How much CO2 (or N2 if you have your own numbers) do you approximate it would take to cool a 6" x 36' column with a 1" cooling jacket? (Also, feel free to share jacket dimensions on your equipment. Is jacket diameter 2" more than the column OD?
 

Rickys bong

Member
Veteran
From the numbers I remember running, it seemed like N2 would be more cost-effective than CO2. I could obviously be mistaken. Human - I am.
What makes you lean towards CO2 over N2? More even cooling? Dewars last longer? Or just cost?
How much CO2 (or N2 if you have your own numbers) do you approximate it would take to cool a 6" x 36' column with a 1" cooling jacket? (Also, feel free to share jacket dimensions on your equipment. Is jacket diameter 2" more than the column OD?

LN2 at -196C will freeze butane. It's probably cheaper but harder to control. A pressure relief valve keeps CO2 liquid.

Calculations... Jeebuz, making me work now.

To cool butane from 25C ambient to -40C will take 160 grams of liquid CO2 per liter of butane. With losses etc count on at least 200g.

Most of the CO2 used to cool the column will be used to cool the metal.
For the same delta (25C ambient to -40C) it will take 60grams of CO2 per kilo of stainless...

The jacket dia. doesn't need to be much bigger than the column. 1" is fine.

RB
 

SquidMan

New member
I can't get my cold butane to pull into my freezing column without using gravity and flipping my tank upside down. I pull vacuum from jacketed recovery tank with the recovery, dump and input valve on top of my column open. I'm using the mk4c. I cAn pull in 4-5 lbs but j can't get the rest with gravity. Do I need to pull vacuum from the top of my column separate? Please help.
 

SquidMan

New member
*cant get the rest without gravity. I can get the first few pounds through my liquid line from the jacketed super value vac tank but had to swap to the vape valve and flip over. What a I doing wrong?
 

Gray Wolf

A Posse ad Esse. From Possibility to realization.
Mentor
ICMag Donor
Veteran
I can't get my cold butane to pull into my freezing column without using gravity and flipping my tank upside down. I pull vacuum from jacketed recovery tank with the recovery, dump and input valve on top of my column open. I'm using the mk4c. I cAn pull in 4-5 lbs but j can't get the rest with gravity. Do I need to pull vacuum from the top of my column separate? Please help.

Depends on your mixture and how cold you get it. We use 50/50% mix below about -30C.

We use an auxiliary hot vapor tank if we want more pressure. Hook it to the vapor side of the supply tank and heat it to 100F. It will put head pressure on the cold supply tank, so that it feeds better.

On the Mk IVC/VC's, we use the back end scavenging valve to attach the hot vapor tank. The same valve used to evacuate the rear end of the system between the pump/tank/heat exchanger when shutting down the system.
 

prune

Active member
Veteran
If sub zero extraction is the goal, you really need to both cool the column and chill the incoming solvent.
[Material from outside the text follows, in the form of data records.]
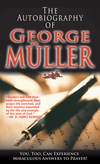 Autobiography of George Müller: You, Too, Can Experience Miraculous Answers to Prayer! (Receive God's Guidance and Provision Every Day)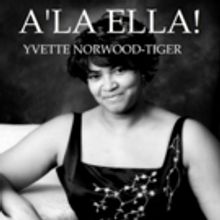 Yvette Norwood-Tiger to Celebrate Ella Fitzgerald with A'LA ELLA! at Metropolitan Roo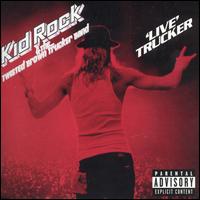 Live Trucker von Kid Rock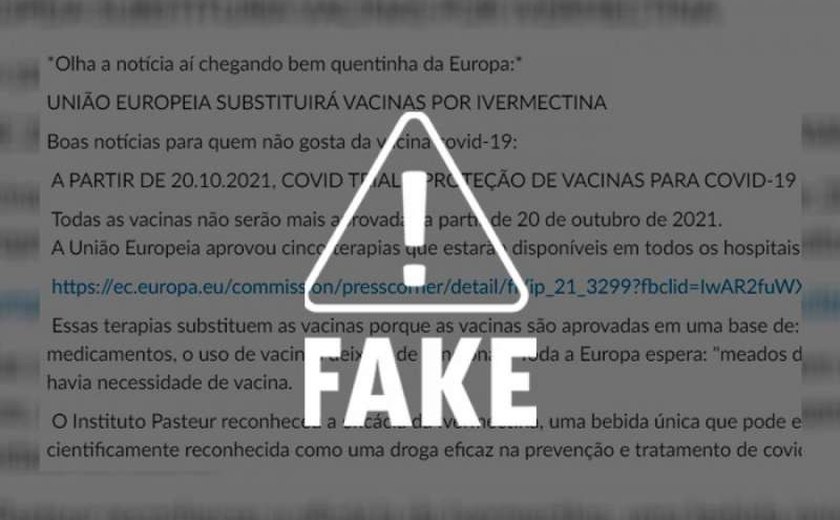 É falso que União Europeia iria substituir vacinas por ivermectina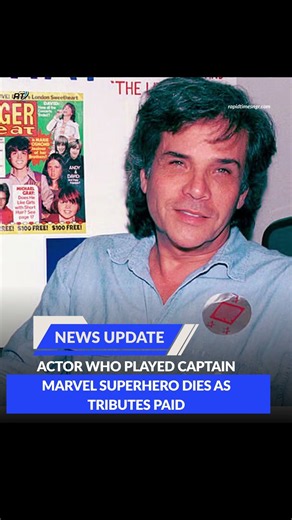 Actor who played Captain Marvel superhero dies as tributes paid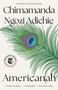 Americanah (A novel) - 9780307455925 by Chimamanda Ngozi Adichie, 9780307455925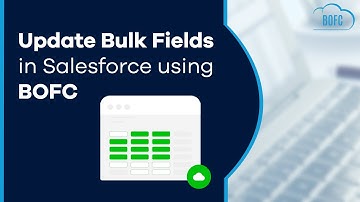 Update Bulk Fields in Salesforce using BOFC? | Object Management | Salesforce | BOFC | Appexchange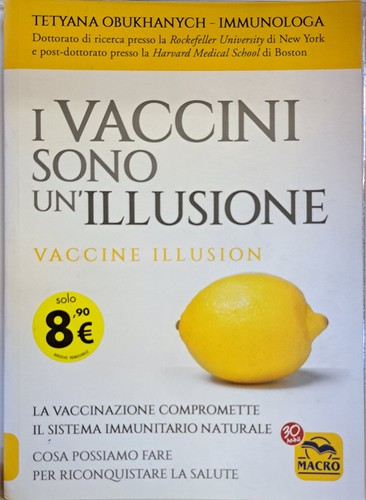Vaccini sono illusione - i,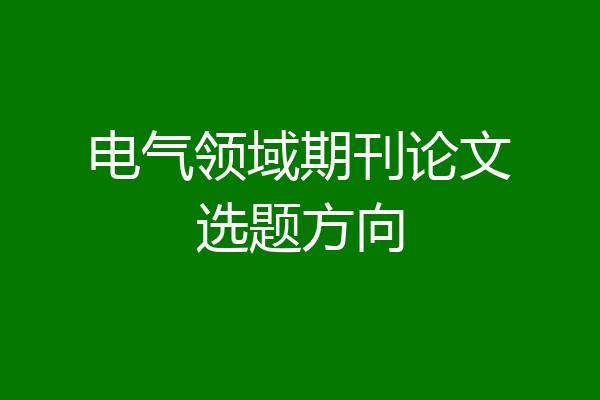 电气领域期刊论文选题方向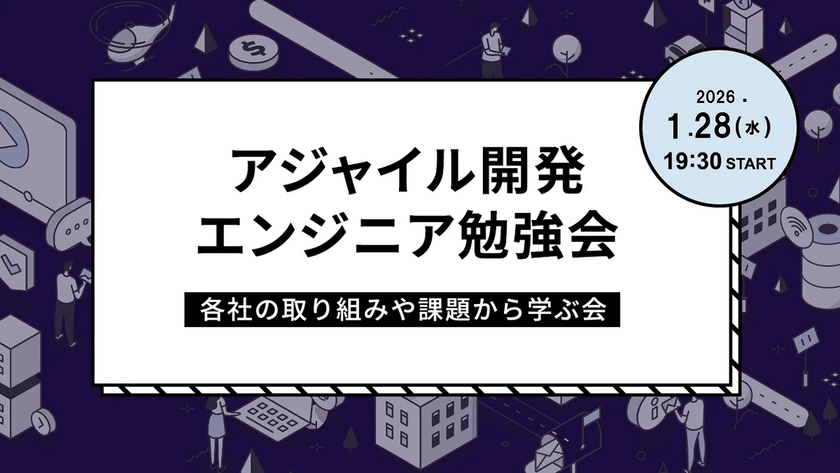 アジャイル開発エンジニア勉強会~各社の取り組みや課題から学ぶ会~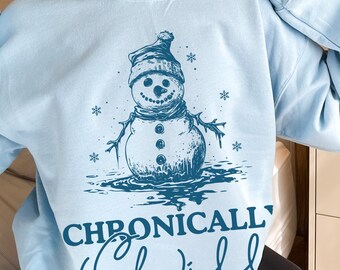 Snowman Sweatshirt Chronic Illness Spoonie Invisible Illness Disability Sweatshirt Pots Syndrome Lupus Fibromyalgia Eds Multiple Sclerosis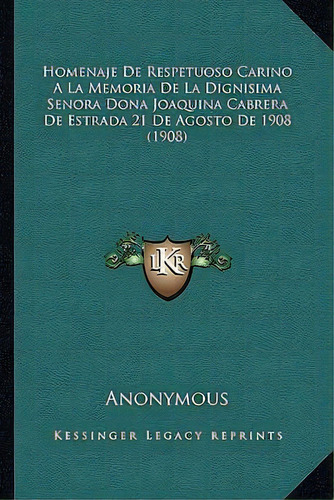 Homenaje De Respetuoso Carino A La Memoria De La Dignisima Senora Dona Joaquina Cabrera De Estrad..., De Anonymous. Editorial Kessinger Publishing, Tapa Blanda En Español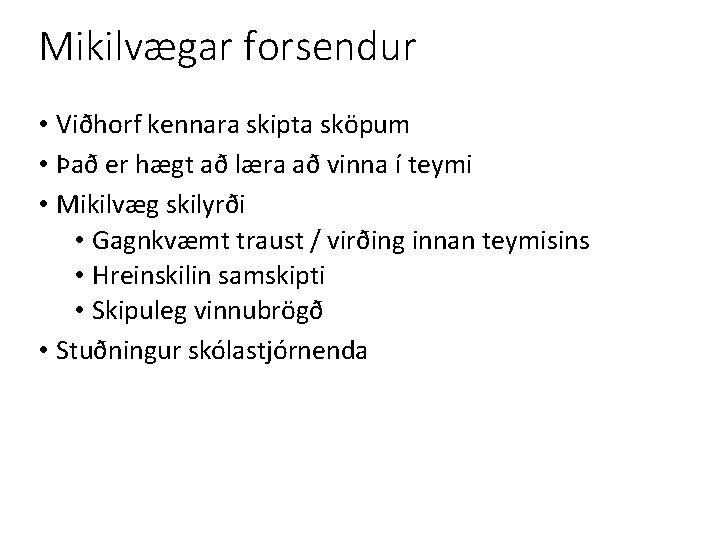 Mikilvægar forsendur • Viðhorf kennara skipta sköpum • Það er hægt að læra að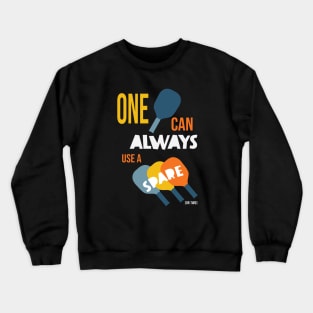 Pickleball Paddle One Can Always Use a Spare Crewneck Sweatshirt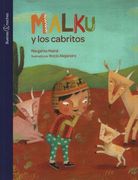 Malku y los Cabritos  ( nva ed )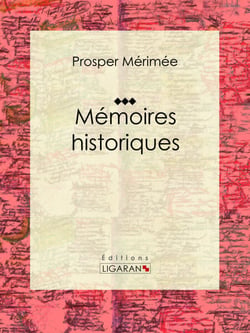 Mémoires historiques - Autobiographie
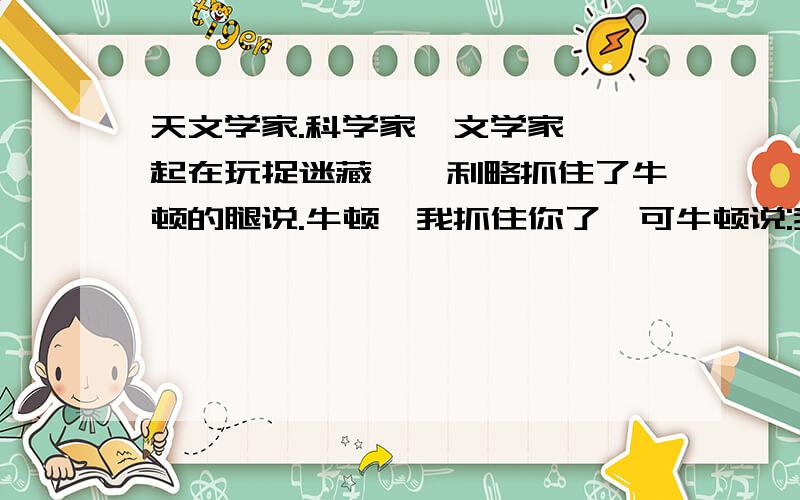 天文学家.科学家、文学家…一起在玩捉迷藏,伽利略抓住了牛顿的腿说.牛顿,我抓住你了,可牛顿说:我不是牛顿,这是为什么?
The column needs to be cooled for a decent amount of time to allow for the contents to cool as well.

RB

Respectfully, I see this canard repeated often but as far as i can figure, the contents of most columns doesn't really factor into the equation based on weight and comparative thermal load. As long as the column and solvent are correctly chilled their negative heat capacity will overwhelm any residual heat load within the vegetative contents.
 

TerpChild

Member
Hey GW so then is cooling only to -20C optimal for a mix thats about 78% butane/22% propane? Is there any advantage to going colder than that unless you have more propane?
With that solvent mix do you think ice cubes and salt could be cold enough and maybe forego the DI?